═══ Given data ═══

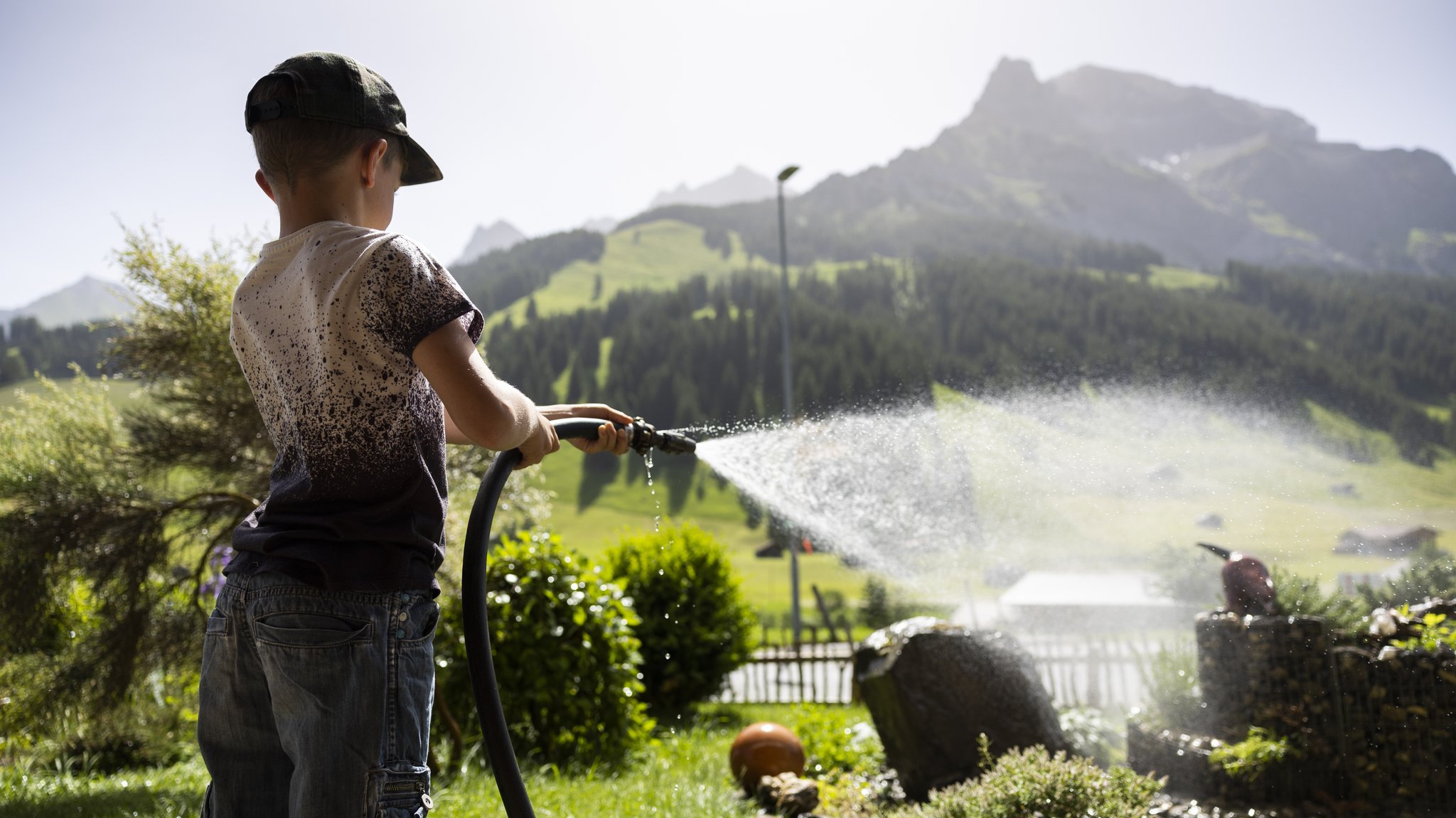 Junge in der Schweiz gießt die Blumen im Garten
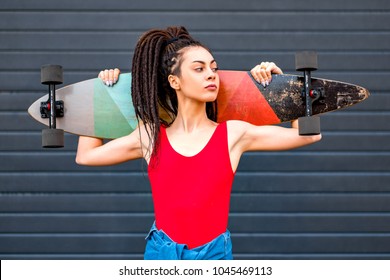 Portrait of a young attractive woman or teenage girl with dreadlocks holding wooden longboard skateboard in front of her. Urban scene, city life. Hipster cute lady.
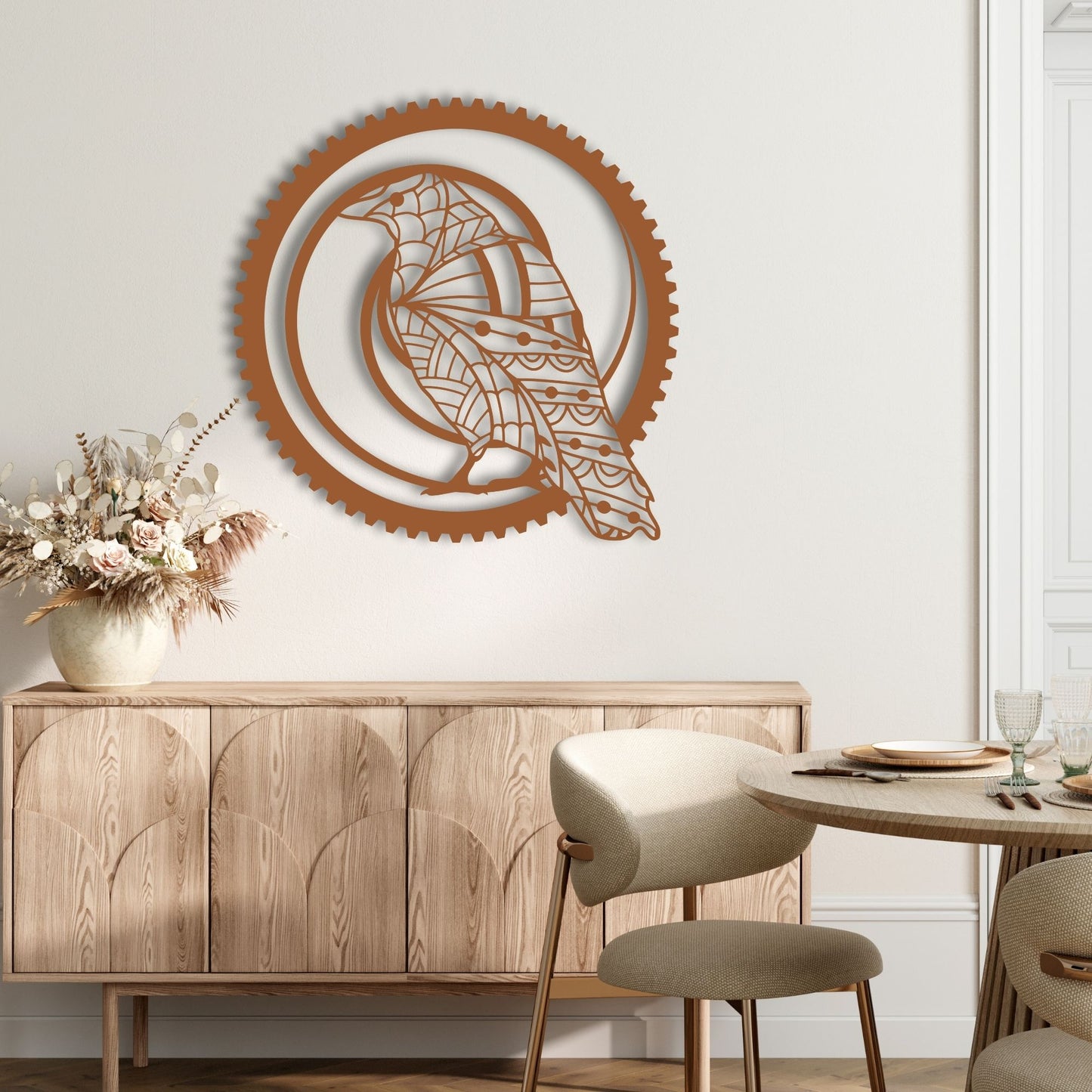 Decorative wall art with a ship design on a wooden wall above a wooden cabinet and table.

═══

Requirement>
Your copy of the listing should match it exactly, apart from the pictures, which are left out.

Solution to this exercise>
 Junge in der Schweiz gießt die Blumen im Garten
 Portrait of a young attractive woman or teenage girl with dreadlocks holding wooden longboard skateboard in front of her. Urban scene, city life. Hipster cute lady.
 Decorative wall art with a ship design on a wooden wall above a wooden cabinet and table.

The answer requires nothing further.